NUMA NOITE DE SÃO JOÃO
Por Luciene Freitas


A claridade da lua fazia distinguir quase tudo o que havia ali no terreiro da frente. A fogueira, no centro, ajudava a aquecer ainda mais o calor humano. A pobreza material era presente, mas havia a riqueza de almas que fazia milionárias aquelas criaturas.
Os velhos olhavam a fogueira agradecidos por tudo o que adquiriram com o trabalho árduo. Cada fagulha representava um ideal perdido no passado. Os sonhos subiam com a fumaça numa tristeza controlada. Observavam a filha solteira, os netos.
A moça não casara, desiludiu-se com o amor não correspondido na juventude. Acalentara a ilusão por muitos anos, ele não veio. O amor foi pra longe sem dar notícias. Envelheceu entristecida, dedicou-se aos pais, aos sobrinhos, ao trabalho.
As crianças, felizes, gozavam do aconchego familiar. O avô recolheu um tição da fogueira para que se iniciasse a queima de fogos.
- É melhor subir na pedra, assim a chuvinha escorrerá por inteiro.
Fartos das deliciosas comidas de milho que a avó e a tia fizeram queimavam os fogos num alvoroço.

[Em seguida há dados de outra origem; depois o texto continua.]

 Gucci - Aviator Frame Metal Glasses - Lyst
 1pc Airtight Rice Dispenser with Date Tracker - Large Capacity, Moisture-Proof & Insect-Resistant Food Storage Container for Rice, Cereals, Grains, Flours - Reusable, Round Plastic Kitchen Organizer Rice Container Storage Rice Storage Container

Não havia nenhum sinal de necessidade naquelas crianças. Tinham tudo resumido, em abundanciar apenas o carinho da família.
Três gerações viviam aquele momento, cada um a sua maneira.
A lua deixava as figuras iluminadas, com ligeiras cintilações do brilho do fogo, sombras iluminadas se moviam na escuridão da noite. Almas fluorescentes habitavam aquele pedaço de chão.
As plantas que rodeavam a casa, escuras. Só os vagalumes embelezavam a escuridão. O gigantesco pé de plumérias destacava-se por suas flores brancas, tais almas puras comungando a luz da lua.
Exceto os fogos de artifício tudo era real. O homem primitivo, novamente, em volta do fogo usufruindo dos seus benefícios.
Além do tagarelar das crianças os sons que ouviam vinham dos animais noturnos e da madeira verde a estalar no fogo.
O vento passeava entre as figuras, movia as chamas da fogueira e assobiava chamando outros ventos de longe.
E foi assim que ele levou pelo tempo aquela cena, de uma noite de São João. Conta-se que em noites de lua, onde houver uma cabana, almas singelas, ouvidos sensíveis escutam vestígios daquele quadro.